I work for a smallish ISP in the Midwest.  In late September and the month of October we began getting blasted with spam and DHA's from all over the world.  We had been utilizing a spam filtering service but it was not keeping up. We billed the customers for the service and they were starting to complain. They were getting so much spam in their inboxes that they felt like they were wasting their money.  In October when the problem became so bad that it started affecting our mail servers ability to process mail any longer we knew we had to do something.  We had been "test driving" a spam filter device by Red Condor.  The accounts that had been moved over to the Red Condor filter were virtually spam free. We decided to implement the Red Condor solution across the board on the server that was being hammered the worst.  This server has just over 9,000 accounts on it.  We turned up the Red Condor box at about 4pm and by 7:00am the next morning the quarantine boxes had been created for all customers.  No interaction required, it simply verified each inbox as the emails arrived for the account.  If the account did not exist it threw the spam away, if the account did exist it created the inbox and then determined whether the email was spam or was legit (autodiscover does not work with Exchange Servers).

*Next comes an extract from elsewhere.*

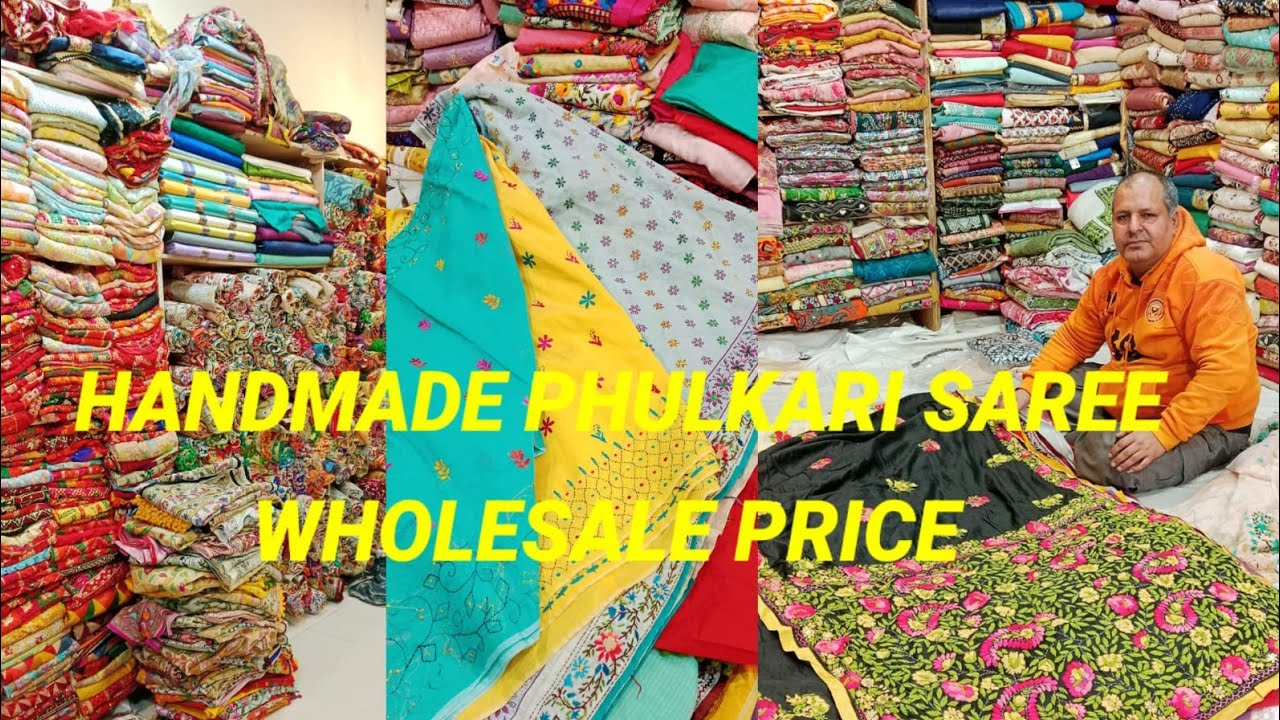 HANDMADE SAREE PHULKARI SAREE PHULKARI DUPATTA SUITS WHOLESALE PRICE SHOP IN AMRITSAR #viralvideo 
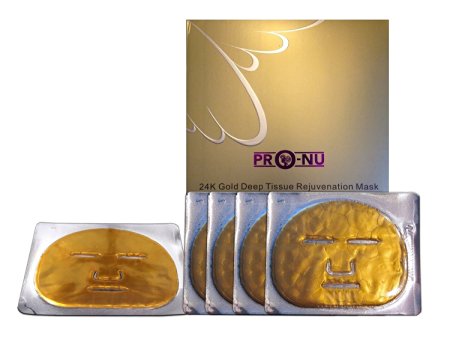 Pro-nu Spa Quality 24k Karat Gold Deep Tissue Rejuvenation Facial Mask for Men and Women. Reduce Fine Lines, Wrinkles, Hyperpigmentation, Sun Damage and Age Spots. Expell Harmful Toxins and Free Radicals. Prevent Premature Skin Aging.(pack of 5)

We decided to "give the service away" as part of the customers Internet service.  In reality we have been the ones to benefit from the service.  The mail server has been purring along for months now and our customers are much happier.  They literally have had no spam hit their inboxes.  We have been in the learn mode for a while and slowly started migrating other customers over to the device.  It has not missed a hit.  The other thing that is amazing is the ease in setting up the "accounts" on Red Condor.  With the previous service it was about a 15 minute process to setup each domain.  It was a series of long drawn out steps to setup the accounts.  With Red Condor it takes less than a minute to setup a new account/domain.  If I can use autodiscover to create the inboxes then the setup task is done.  Change the MX record and I am good to go.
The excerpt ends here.